:: Work instructions ::
Look below for the line with "Jouets|Maison Ghibli Patatra" and the line with "REGALO bolso sublimado con cierre 1"; repeat exactly those two lines and all lines between them, but no pictures.

:: Records to process ::
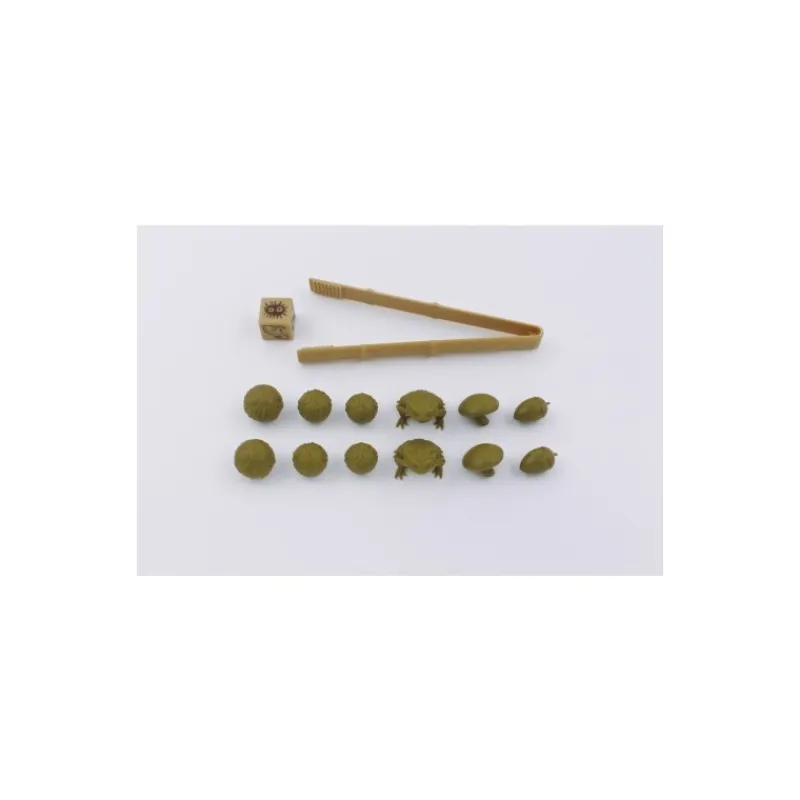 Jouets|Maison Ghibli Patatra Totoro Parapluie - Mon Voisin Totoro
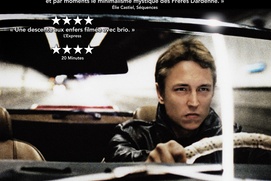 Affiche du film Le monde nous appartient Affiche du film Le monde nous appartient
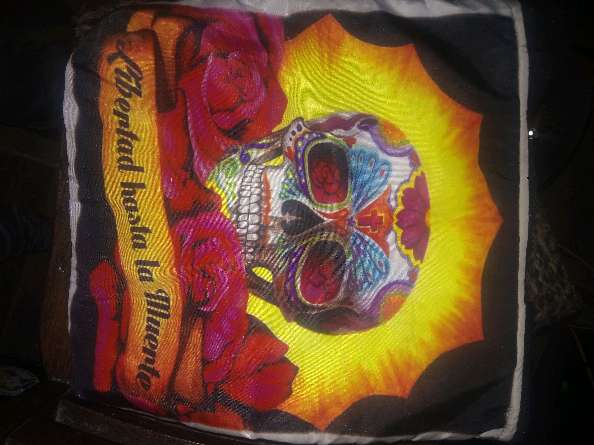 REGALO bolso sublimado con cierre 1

==

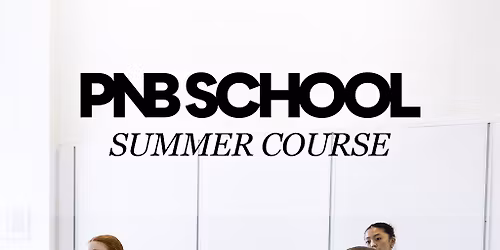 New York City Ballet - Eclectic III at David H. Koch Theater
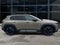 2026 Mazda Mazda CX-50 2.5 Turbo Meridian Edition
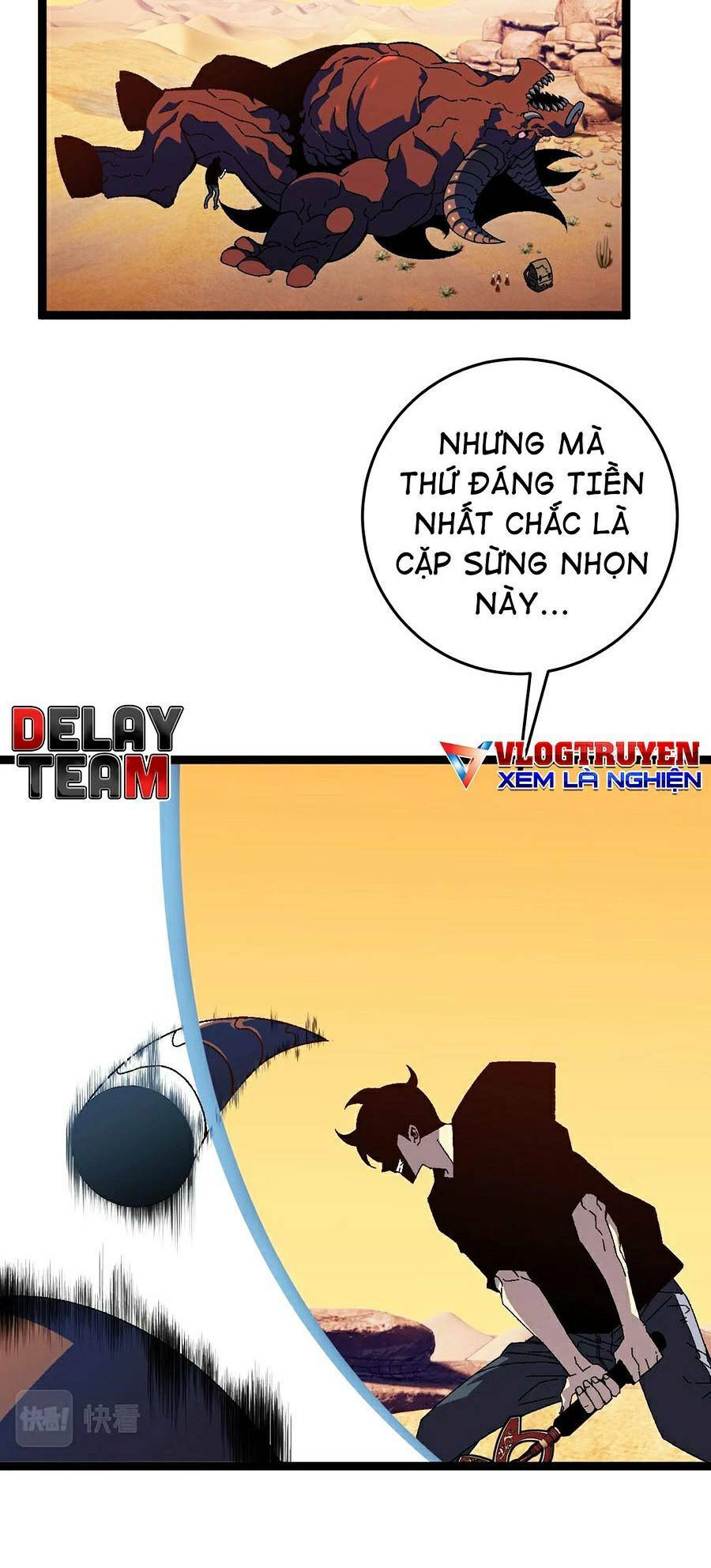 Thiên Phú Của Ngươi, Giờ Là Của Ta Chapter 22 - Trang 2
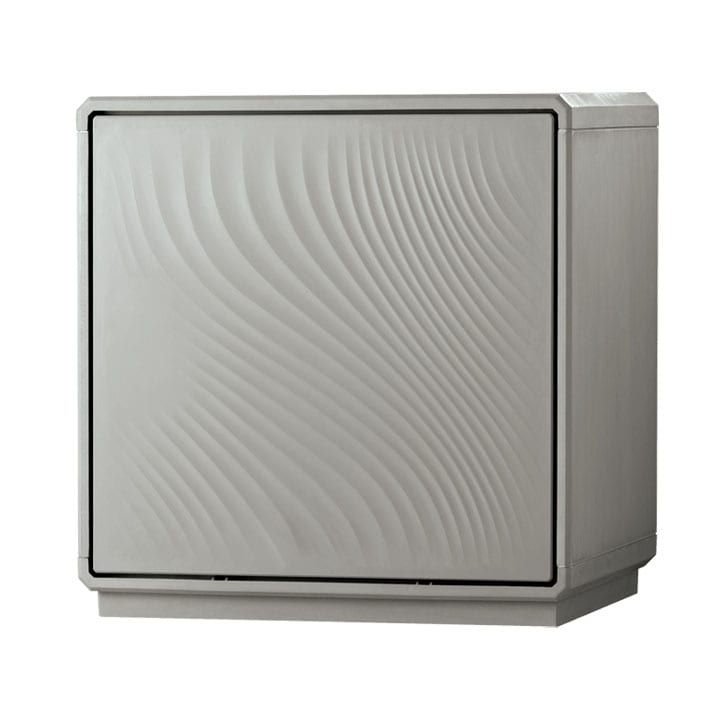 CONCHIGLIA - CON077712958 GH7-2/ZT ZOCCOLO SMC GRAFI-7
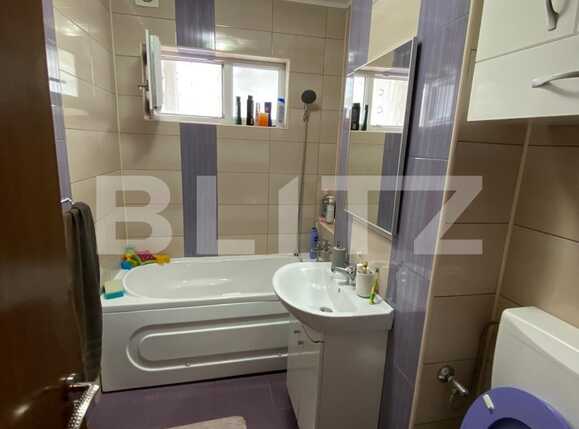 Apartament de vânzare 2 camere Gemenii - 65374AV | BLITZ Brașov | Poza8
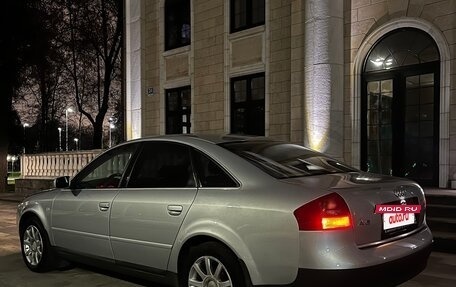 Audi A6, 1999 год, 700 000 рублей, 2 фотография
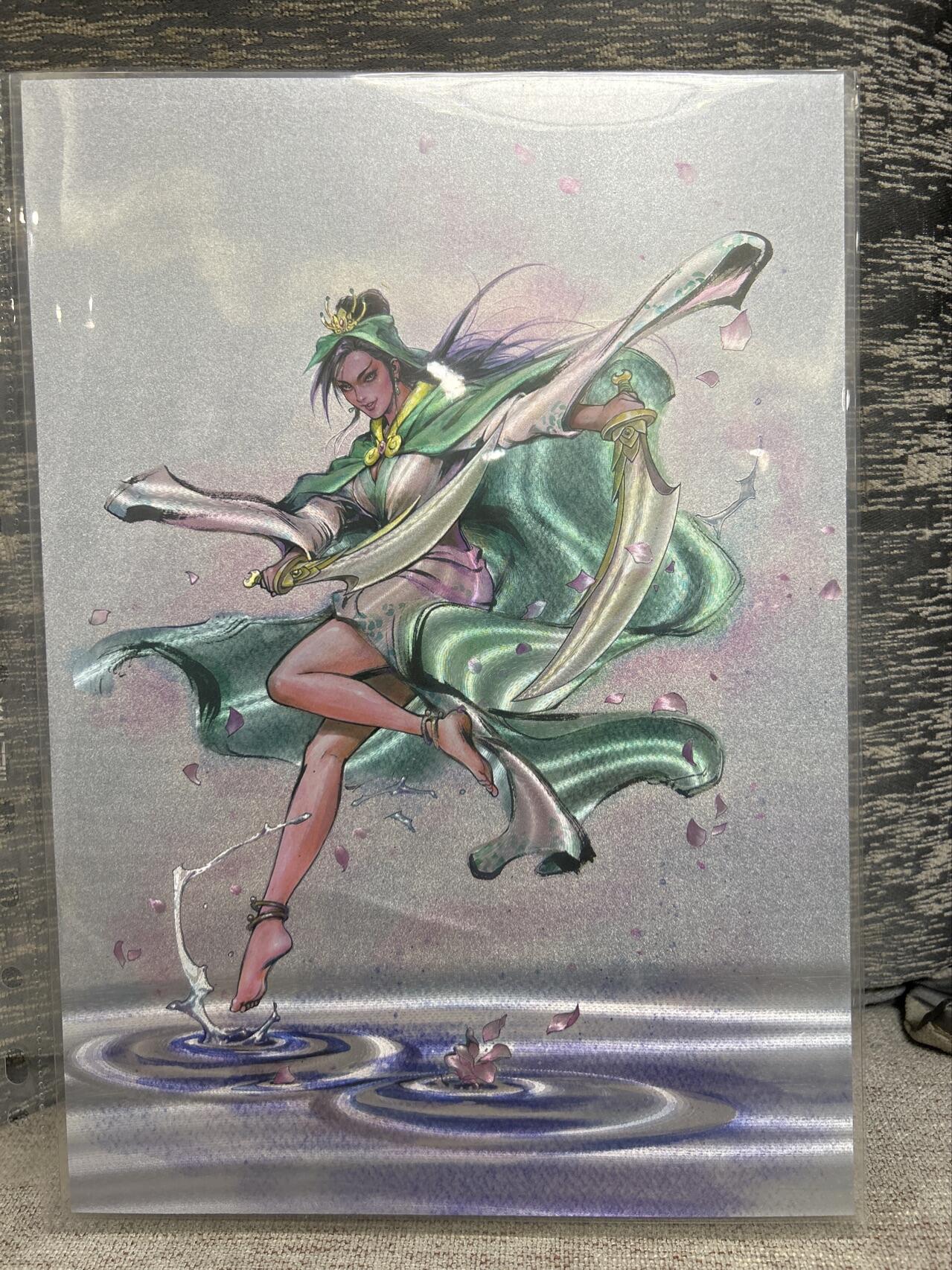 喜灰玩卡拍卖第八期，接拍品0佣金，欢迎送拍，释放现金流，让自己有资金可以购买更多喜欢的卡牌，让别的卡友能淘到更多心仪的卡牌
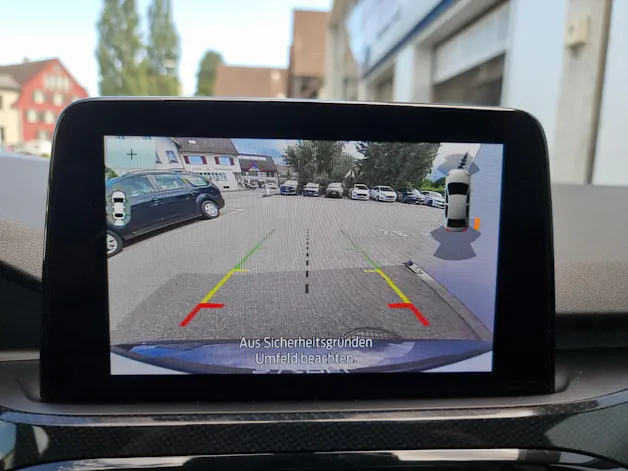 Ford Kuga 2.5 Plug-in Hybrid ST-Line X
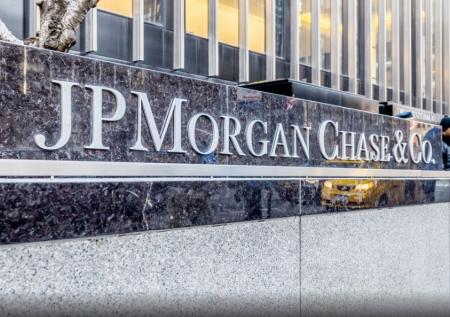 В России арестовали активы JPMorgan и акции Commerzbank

...

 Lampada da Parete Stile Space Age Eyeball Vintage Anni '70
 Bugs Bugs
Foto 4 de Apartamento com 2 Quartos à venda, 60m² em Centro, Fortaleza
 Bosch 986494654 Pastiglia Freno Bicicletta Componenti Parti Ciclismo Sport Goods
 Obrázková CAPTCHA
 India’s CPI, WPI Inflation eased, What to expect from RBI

:: Response ::
 Jouets|Maison Ghibli Patatra Totoro Parapluie - Mon Voisin Totoro
 Affiche du film Le monde nous appartient Affiche du film Le monde nous appartient
 REGALO bolso sublimado con cierre 1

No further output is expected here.